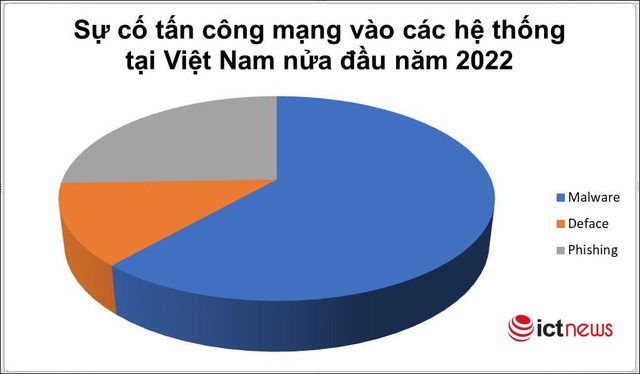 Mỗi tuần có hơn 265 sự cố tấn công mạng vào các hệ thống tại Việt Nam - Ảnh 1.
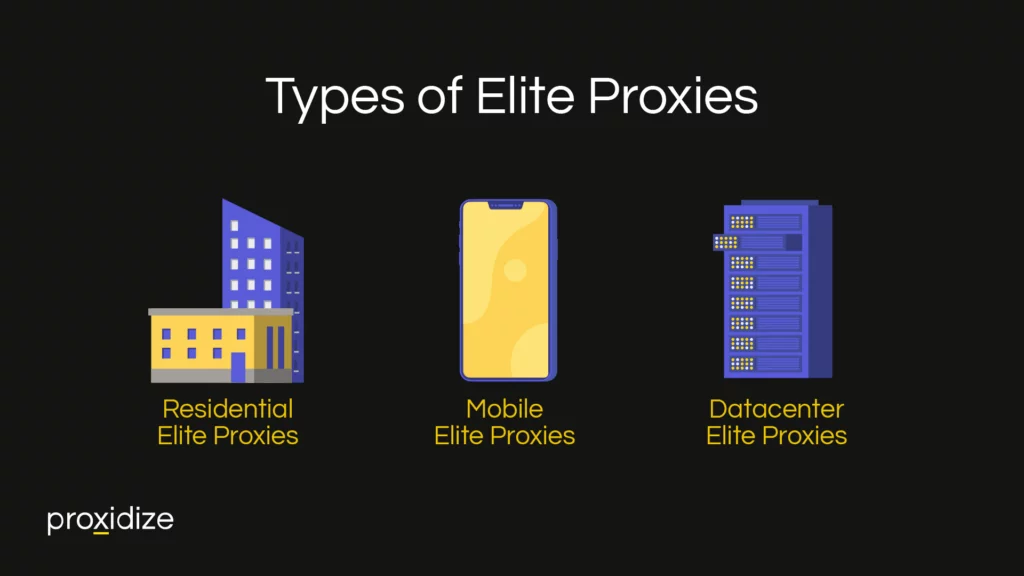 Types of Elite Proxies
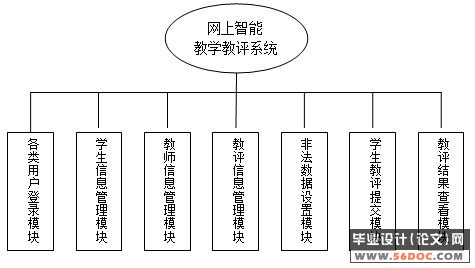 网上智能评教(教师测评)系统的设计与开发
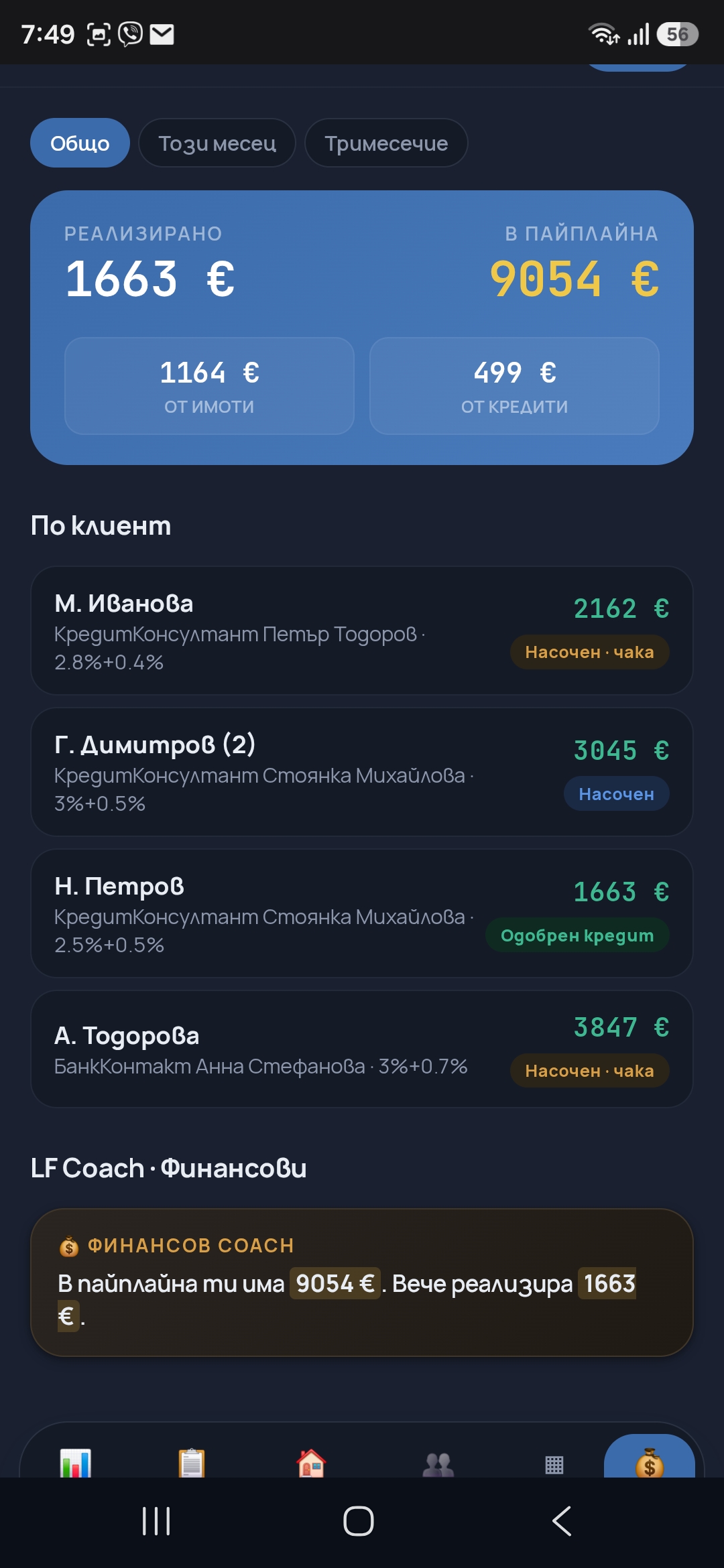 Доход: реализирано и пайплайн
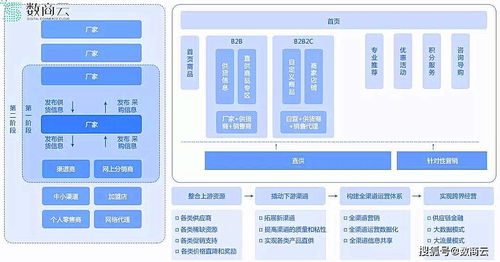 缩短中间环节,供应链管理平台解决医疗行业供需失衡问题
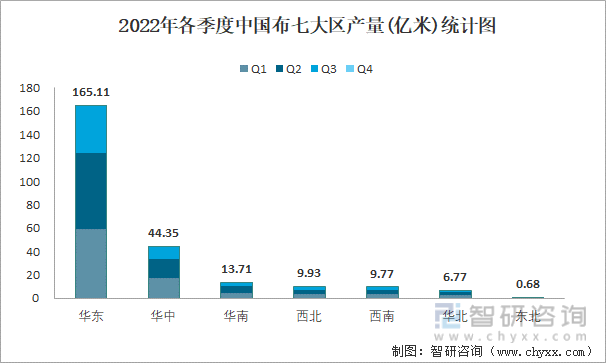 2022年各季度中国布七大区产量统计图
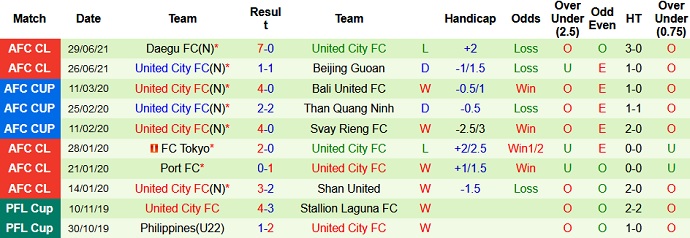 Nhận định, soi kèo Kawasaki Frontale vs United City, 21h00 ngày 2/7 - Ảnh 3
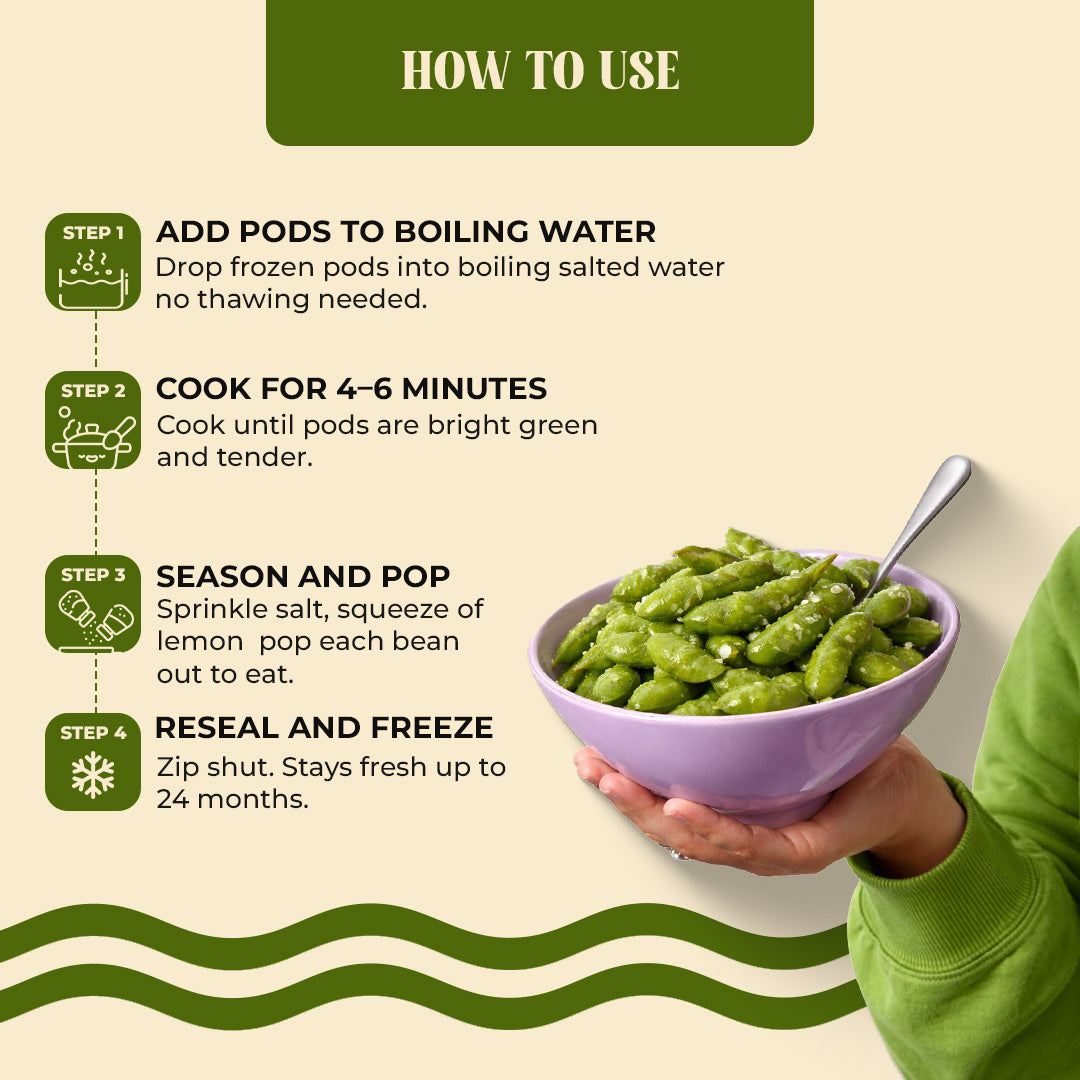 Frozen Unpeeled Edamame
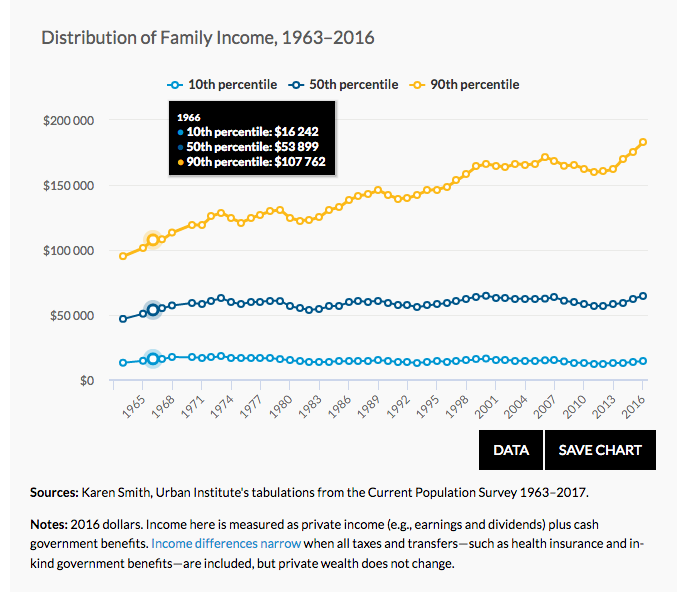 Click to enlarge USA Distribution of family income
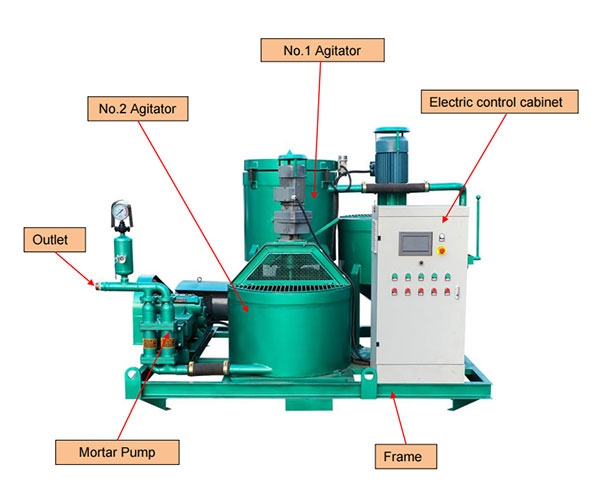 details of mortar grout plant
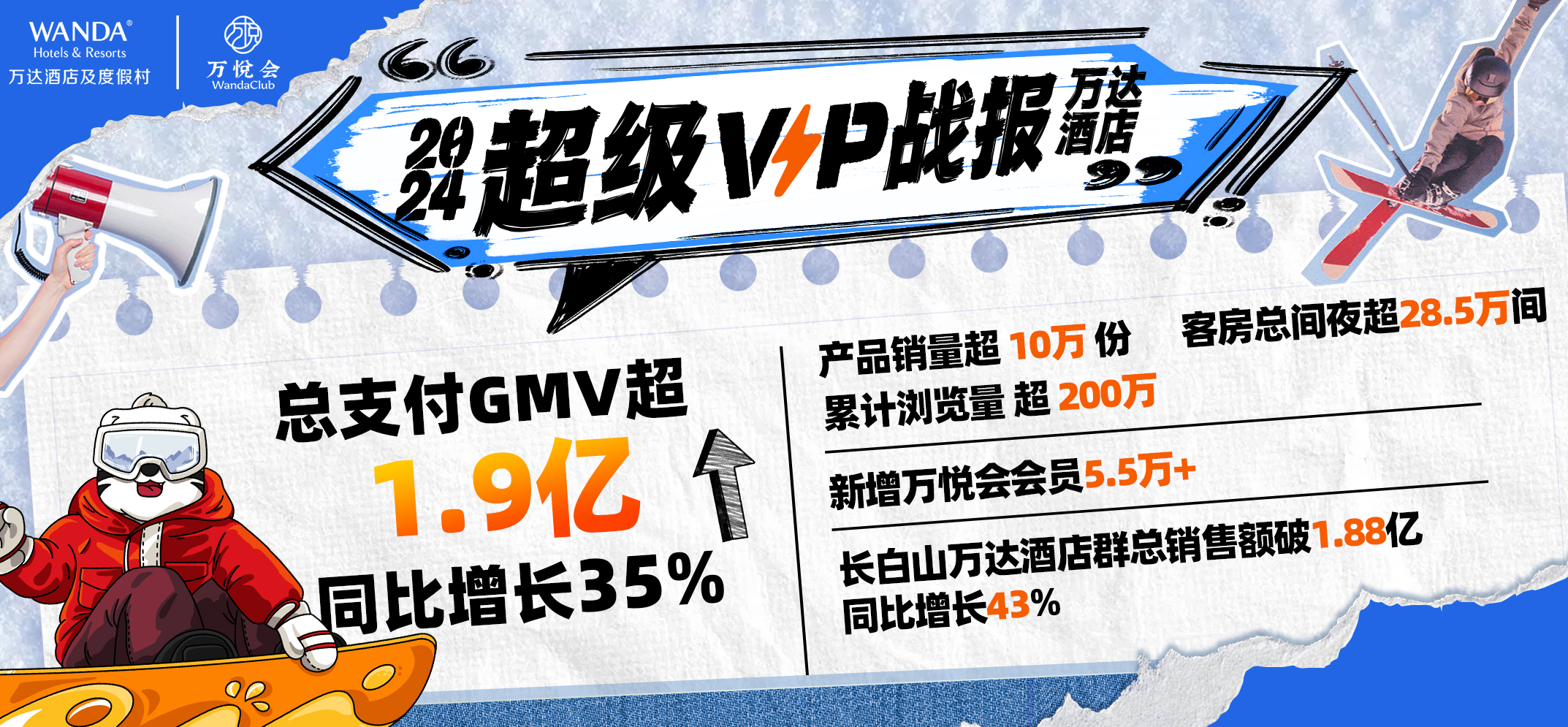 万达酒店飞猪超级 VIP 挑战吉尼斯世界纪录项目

* **About this task**
Retype the data above in full, exactly as it stands, and skip any image.

* **Exercise response**
 Mỗi tuần có hơn 265 sự cố tấn công mạng vào các hệ thống tại Việt Nam - Ảnh 1.
 Types of Elite Proxies
 网上智能评教(教师测评)系统的设计与开发
 Доход: реализирано и пайплайн
 缩短中间环节,供应链管理平台解决医疗行业供需失衡问题
 2022年各季度中国布七大区产量统计图
 Nhận định, soi kèo Kawasaki Frontale vs United City, 21h00 ngày 2/7 - Ảnh 3
 Frozen Unpeeled Edamame
 Click to enlarge USA Distribution of family income
 details of mortar grout plant
 万达酒店飞猪超级 VIP 挑战吉尼斯世界纪录项目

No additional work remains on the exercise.